**Directions:** Starting at the line that contains "2814 Hapner Way, Batavia, IL", retype each line to the end of the listing below. Include both ends, but not the pictures.

**The data:**

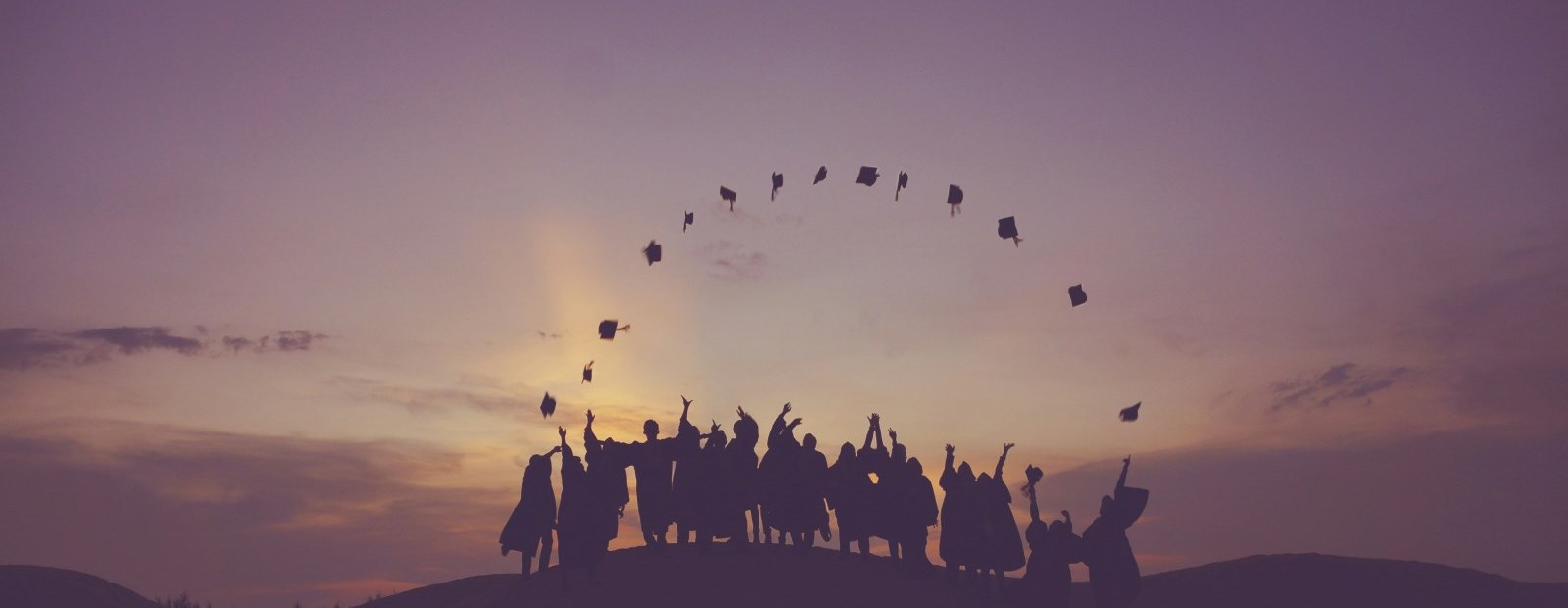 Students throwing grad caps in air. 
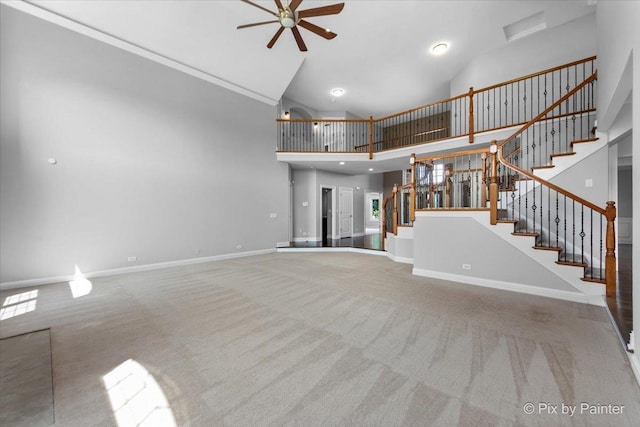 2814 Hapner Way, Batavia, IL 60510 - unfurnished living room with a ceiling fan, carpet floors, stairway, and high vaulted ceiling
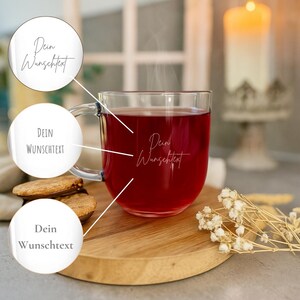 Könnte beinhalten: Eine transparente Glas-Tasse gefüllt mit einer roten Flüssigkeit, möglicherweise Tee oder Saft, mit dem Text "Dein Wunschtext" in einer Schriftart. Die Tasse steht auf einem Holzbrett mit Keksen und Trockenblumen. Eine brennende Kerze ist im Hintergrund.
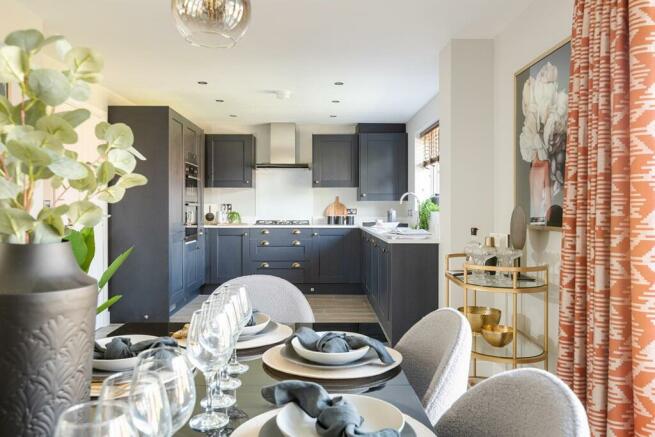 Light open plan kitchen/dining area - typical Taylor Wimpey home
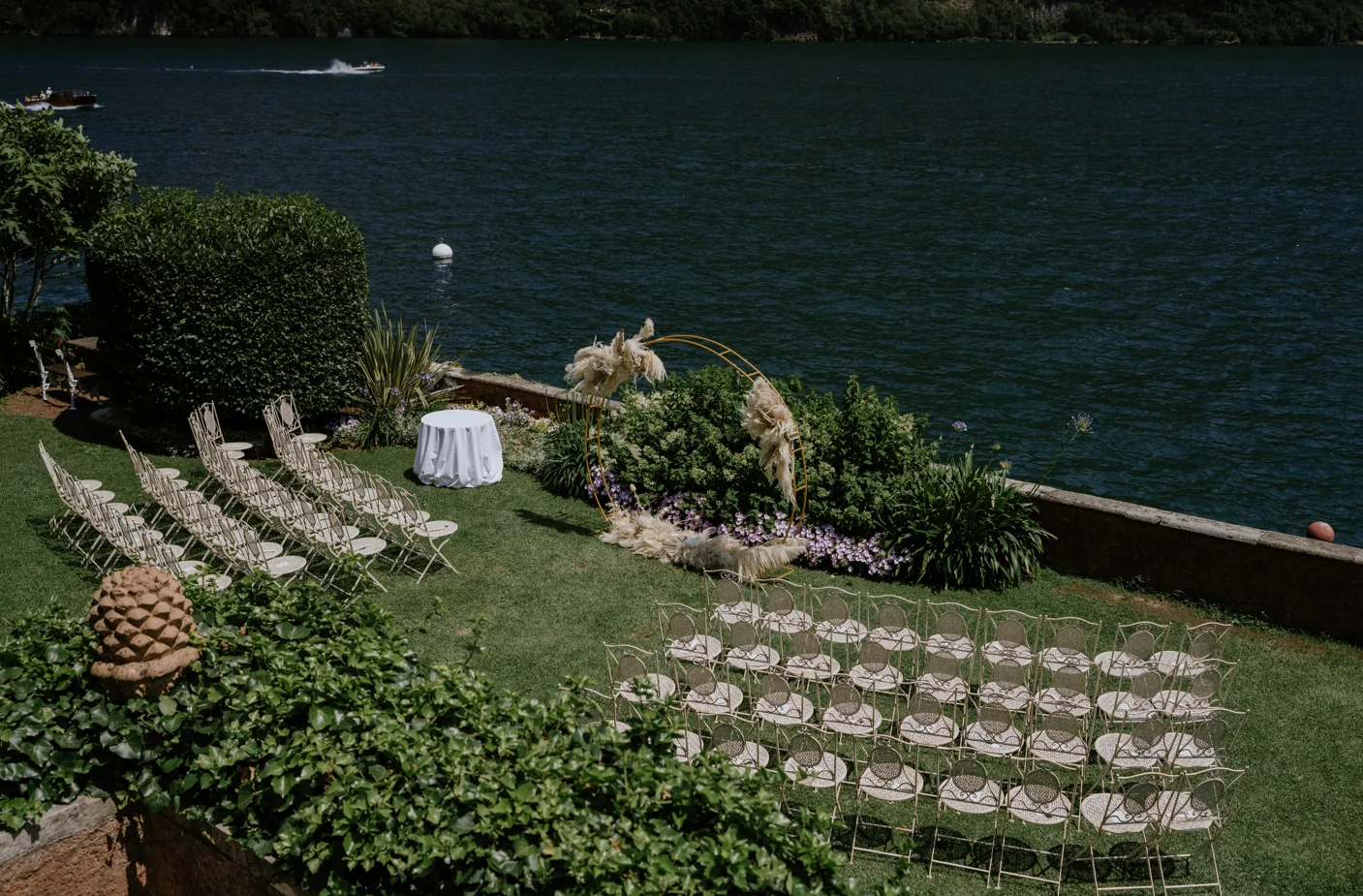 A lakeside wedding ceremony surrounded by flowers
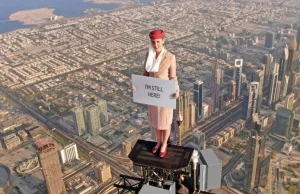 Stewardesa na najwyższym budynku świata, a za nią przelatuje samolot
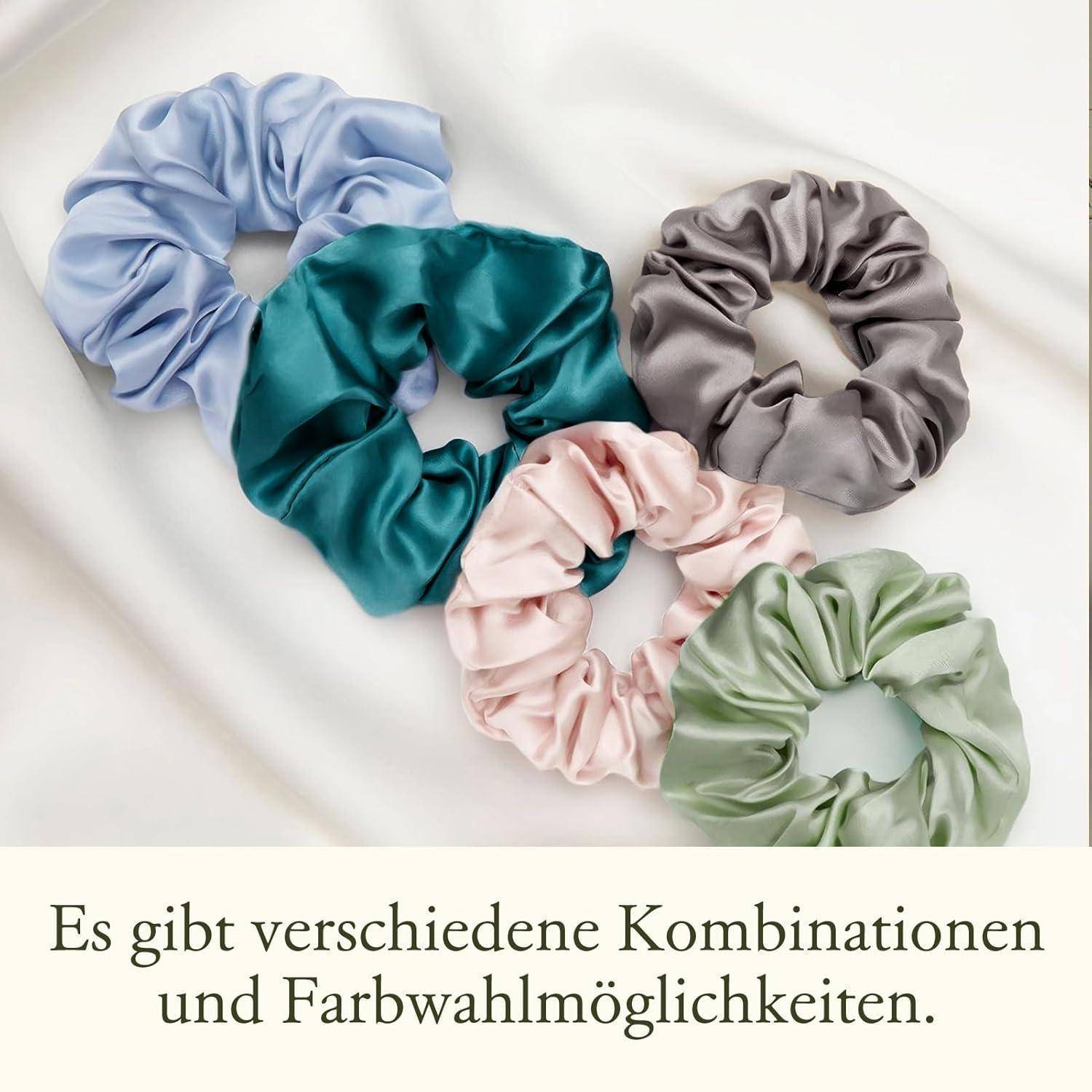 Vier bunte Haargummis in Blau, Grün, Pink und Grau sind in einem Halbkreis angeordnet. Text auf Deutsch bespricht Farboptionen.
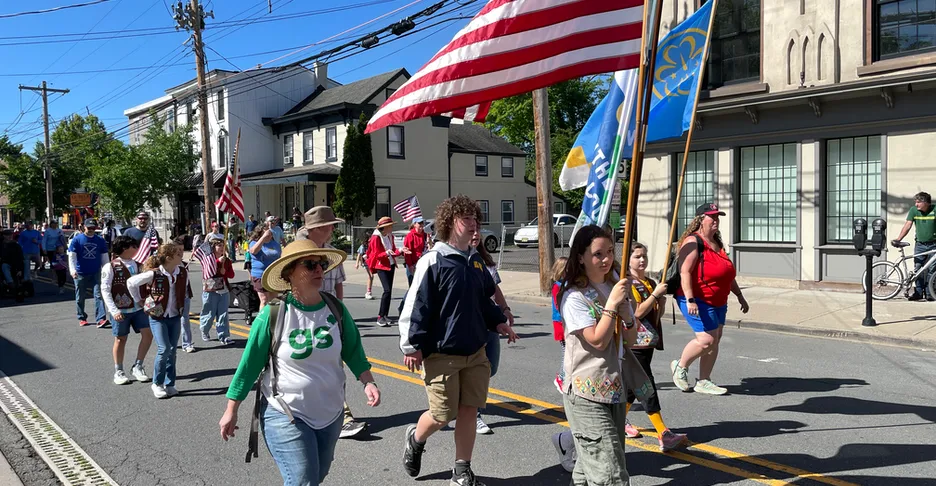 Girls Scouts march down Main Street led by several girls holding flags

**Result of this exercise:**
 2814 Hapner Way, Batavia, IL 60510 - unfurnished living room with a ceiling fan, carpet floors, stairway, and high vaulted ceiling
 Könnte beinhalten: Eine transparente Glas-Tasse gefüllt mit einer roten Flüssigkeit, möglicherweise Tee oder Saft, mit dem Text "Dein Wunschtext" in einer Schriftart. Die Tasse steht auf einem Holzbrett mit Keksen und Trockenblumen. Eine brennende Kerze ist im Hintergrund.
 Light open plan kitchen/dining area - typical Taylor Wimpey home
 A lakeside wedding ceremony surrounded by flowers
 Stewardesa na najwyższym budynku świata, a za nią przelatuje samolot
 Vier bunte Haargummis in Blau, Grün, Pink und Grau sind in einem Halbkreis angeordnet. Text auf Deutsch bespricht Farboptionen.
 Girls Scouts march down Main Street led by several girls holding flags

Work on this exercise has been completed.